= Eythorne Baptist Church =

Eythorne Baptist Church originated in the meetings of early 16th century Baptists who had crossed the English Channel from the Low Countries to Kent to escape persecution. Nineteenth-century Baptist writer J. J. Goadby named Eythorne as one of the three "most ancient Baptist churches in England".

For many years the Church had associated village chapels in east Kent. Two of these remain—at Adisham and Nonington. Others were at Eastry, Ashley, Woolage Green, Wootton and Barnsole.

==Beginnings==
The immigrant Baptists and their English supporters held meetings at Eythorne and also at Canterbury, about 12 mi away.
Joan Boucher, or Bocher, was known to have been involved in "reforming circles" in Canterbury is said by "uninterrupted and uncontradicted tradition" to have been an early member of the church at Eythorne. She was burnt at the stake at Smithfield on 2 May 1550 after refusing to recant her views on the incarnation of Christ. Soon afterwards, the Duke of Northumberland, one of the king's advisers, expressed concern about the "Anabaptists lately sprung up in Kent".

==18th and 19th centuries==
The first recorded meeting house in Eythorne and was probably built about 1755 with seats for 60 people; in 1773 it was doubled in size. In 1786 baptisms started to take place in the village itself, a change from the previous custom of baptising church members in the sea or river at Sandwich.

Until 1750 the church seems to have forbidden singing, but half a century later a retired Dover banker, Peter Fector, apparently objected to hearing the congregation's singing. In January 1804 church members gathered to discuss his offer of £500 for the old meeting house along with an acre of land to build a new chapel. This chapel, which is in use today, was built and opened within the same year.

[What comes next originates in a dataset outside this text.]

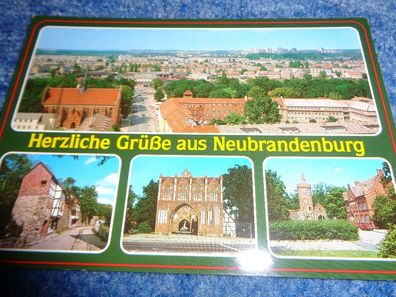 5538 Postkarte, Ansichtskarte-Neubrandenburg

In the late 1830s William Copley, husband of the writer Esther Copley (née Beuzeville, previous married name Hewlett), became Baptist Minister in Eythorne. Though his ministry started well he developed problems, apparently alcoholism, which meant his wife had to support his work and help write his sermons. Esther stayed on in Eythorne when William left in 1843 and is buried at Eythorne under a tree near the gate.